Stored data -
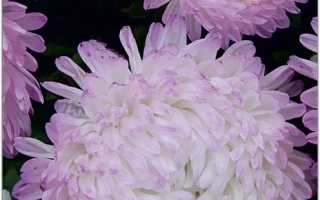 Семечки астры Старый замок кварцевый на упаковке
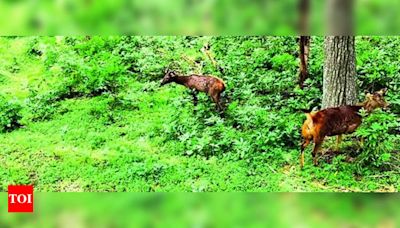 Six sambar deer released into reserve forest | Coimbatore News - Times of India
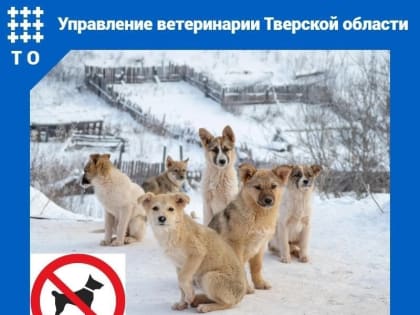 В Тверской области начат отлов безнадзорных собак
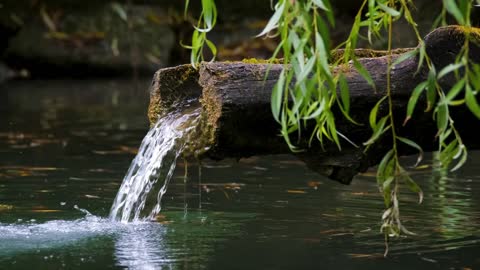 Fountain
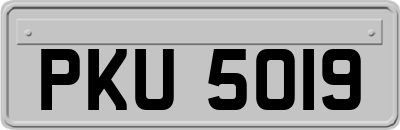 PKU5019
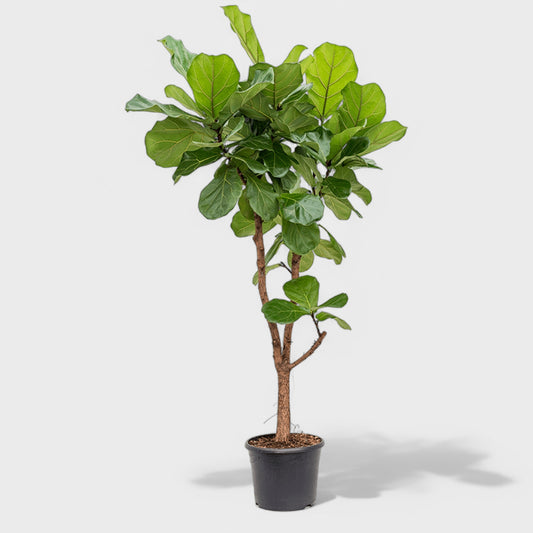 Grenet Ficus Lyrata, også kendt som violinfigen, i en Ø33 cm potte, med en højde på 155-165 cm, præsenterer store, blanke mørkegrønne blade og flere stammer, ideel til moderne indretning.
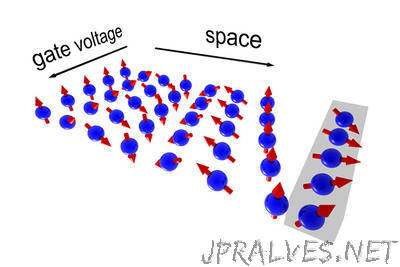 Manipulating Electron Spins Without Loss of Information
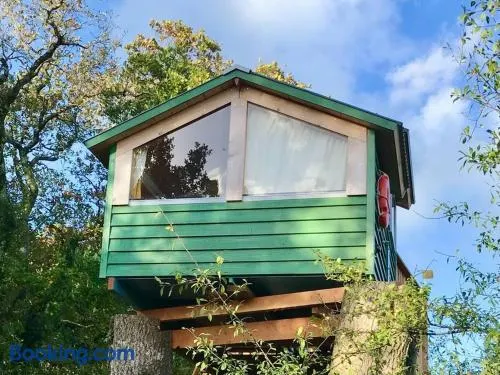 Tree house and shepherds hut & Hot Tub - Image 1
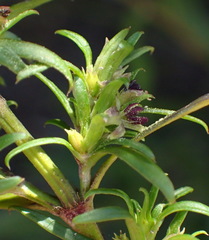 Carpacoce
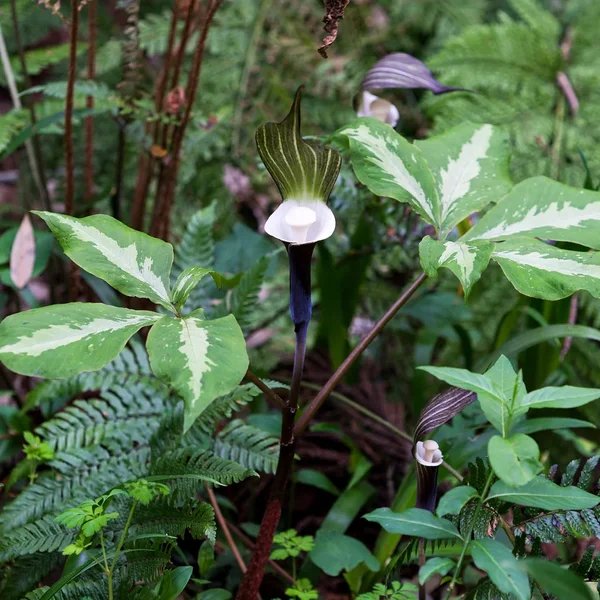 Arisaema sikokianum 'Silver Center'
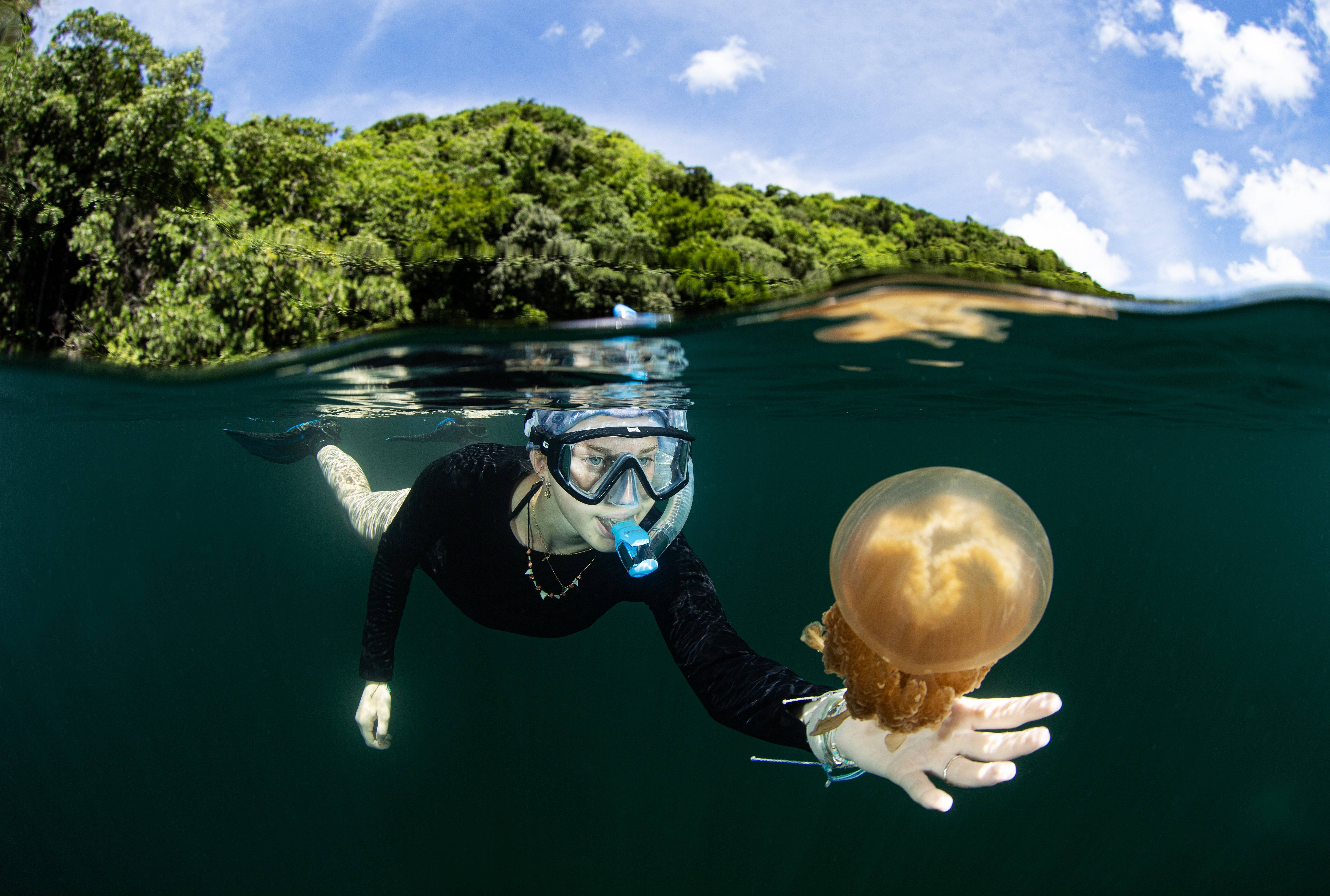 a person in a mask and goggles swimming in the water with a jellyfish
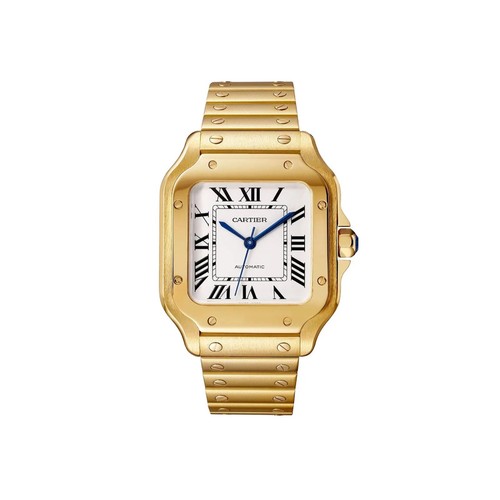 Cartier santos - cartier,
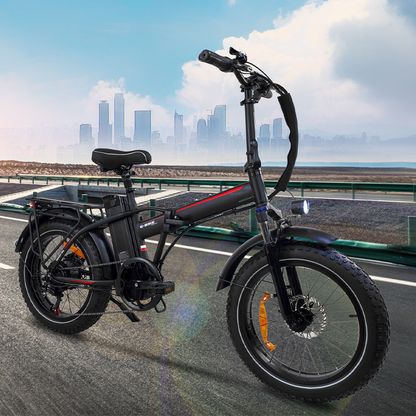 DriveTron DZ2031 Electric Bike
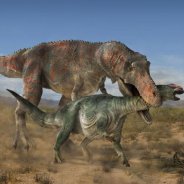 Predatory Dinosaurs With Description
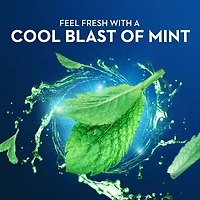 Burst of Dental Floss Picks, Fresh Mint, 30 ct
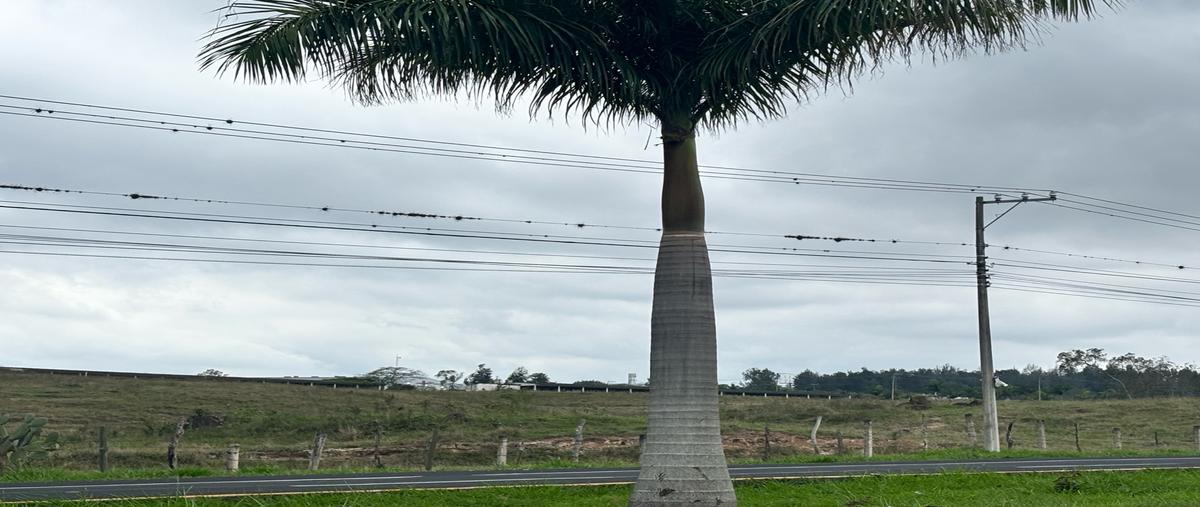 Foto de terreno habitacional en venta en  , nuevo xalapa, xalapa, veracruz de ignacio de la llave, 0 No. 05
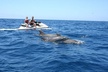 Crab Island Dolphin Jet Ski Adventure - Second Medium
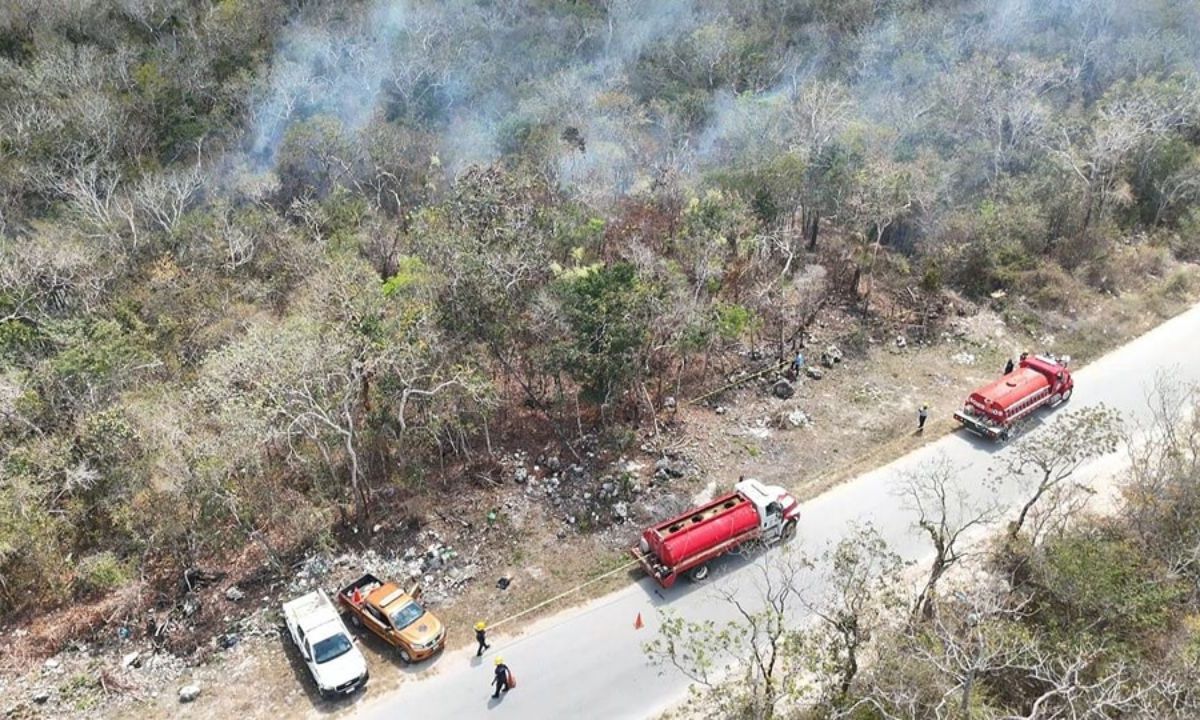 Roo. Bomberos de Tulum combaten las llamas en la zona de Los Tres Cenotes, controlado ya al 60%. 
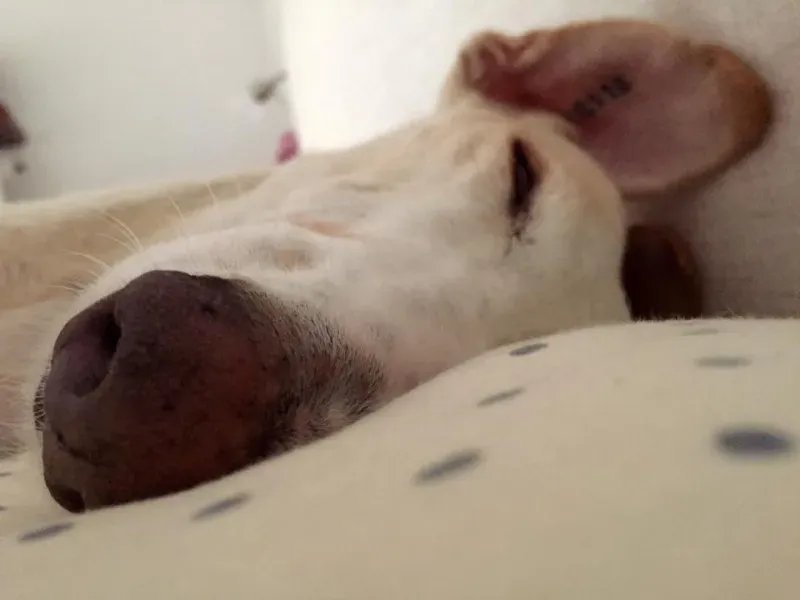 13625390 10209462507546904 6515148905390040218 n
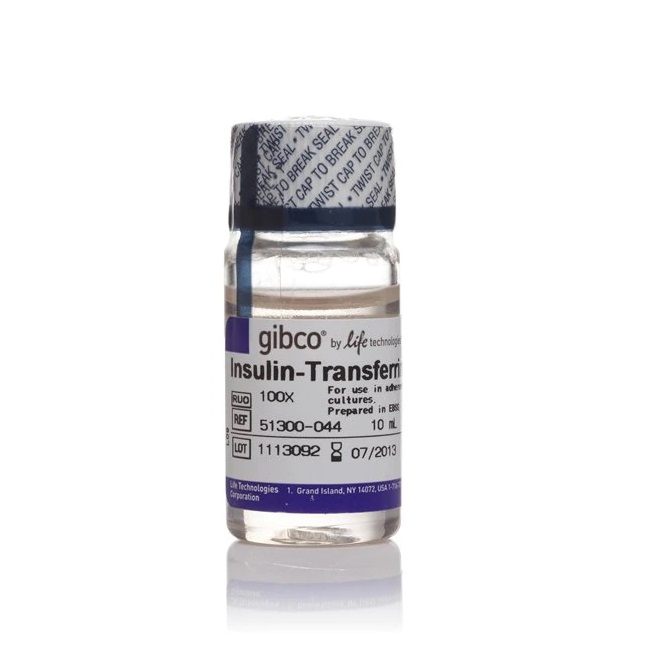Gibco™ Insulin-Transferrin-Selenium-Sodium Pyruvate (ITS-A) (100X), 10 mL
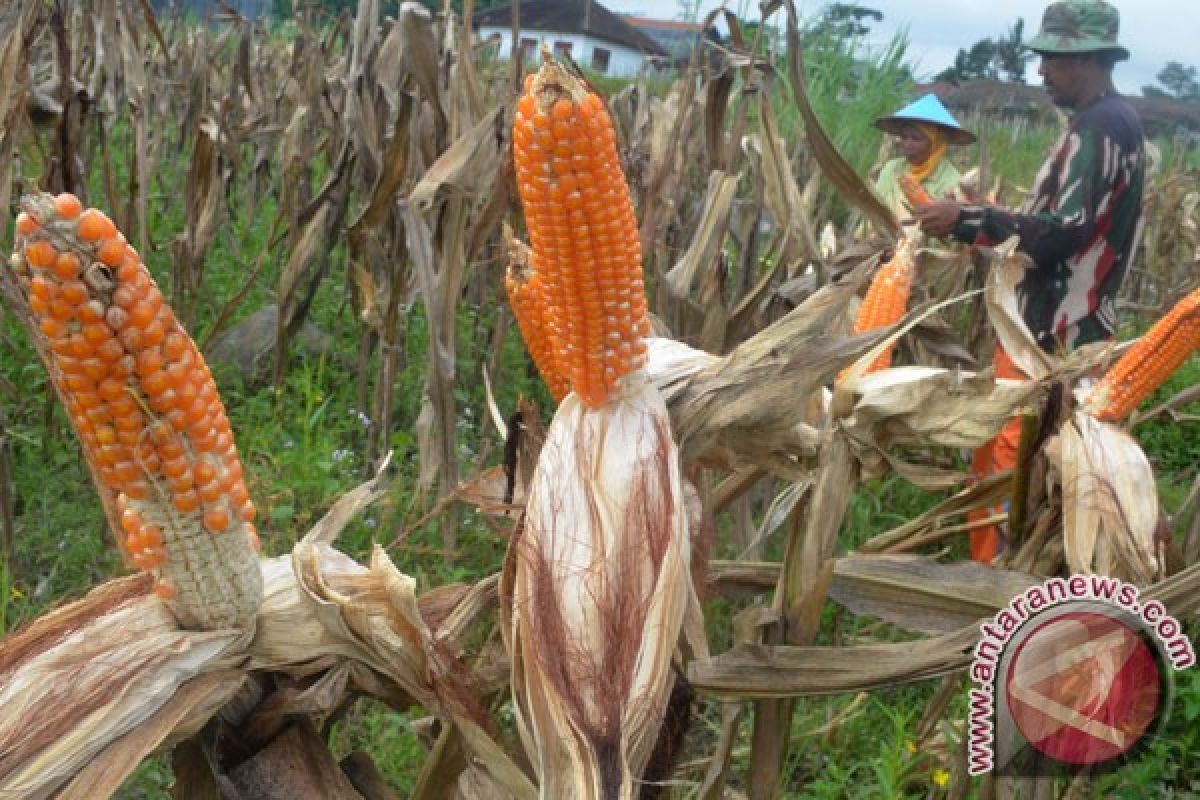 Petani jagung di Kintamani beralih ke tanaman lain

What is needed - Skip every image and output the remaining records exactly.

Output for this task -
 Семечки астры Старый замок кварцевый на упаковке
 Six sambar deer released into reserve forest | Coimbatore News - Times of India
 В Тверской области начат отлов безнадзорных собак
 Fountain
 PKU5019
 Grenet Ficus Lyrata, også kendt som violinfigen, i en Ø33 cm potte, med en højde på 155-165 cm, præsenterer store, blanke mørkegrønne blade og flere stammer, ideel til moderne indretning.
 Manipulating Electron Spins Without Loss of Information
 Tree house and shepherds hut & Hot Tub - Image 1
 Carpacoce
 Arisaema sikokianum 'Silver Center'
 a person in a mask and goggles swimming in the water with a jellyfish
 Cartier santos - cartier,
 DriveTron DZ2031 Electric Bike
 Predatory Dinosaurs With Description
 Burst of Dental Floss Picks, Fresh Mint, 30 ct
 Foto de terreno habitacional en venta en  , nuevo xalapa, xalapa, veracruz de ignacio de la llave, 0 No. 05
 Crab Island Dolphin Jet Ski Adventure - Second Medium
 Roo. Bomberos de Tulum combaten las llamas en la zona de Los Tres Cenotes, controlado ya al 60%. 
 13625390 10209462507546904 6515148905390040218 n
Gibco™ Insulin-Transferrin-Selenium-Sodium Pyruvate (ITS-A) (100X), 10 mL
 Petani jagung di Kintamani beralih ke tanaman lain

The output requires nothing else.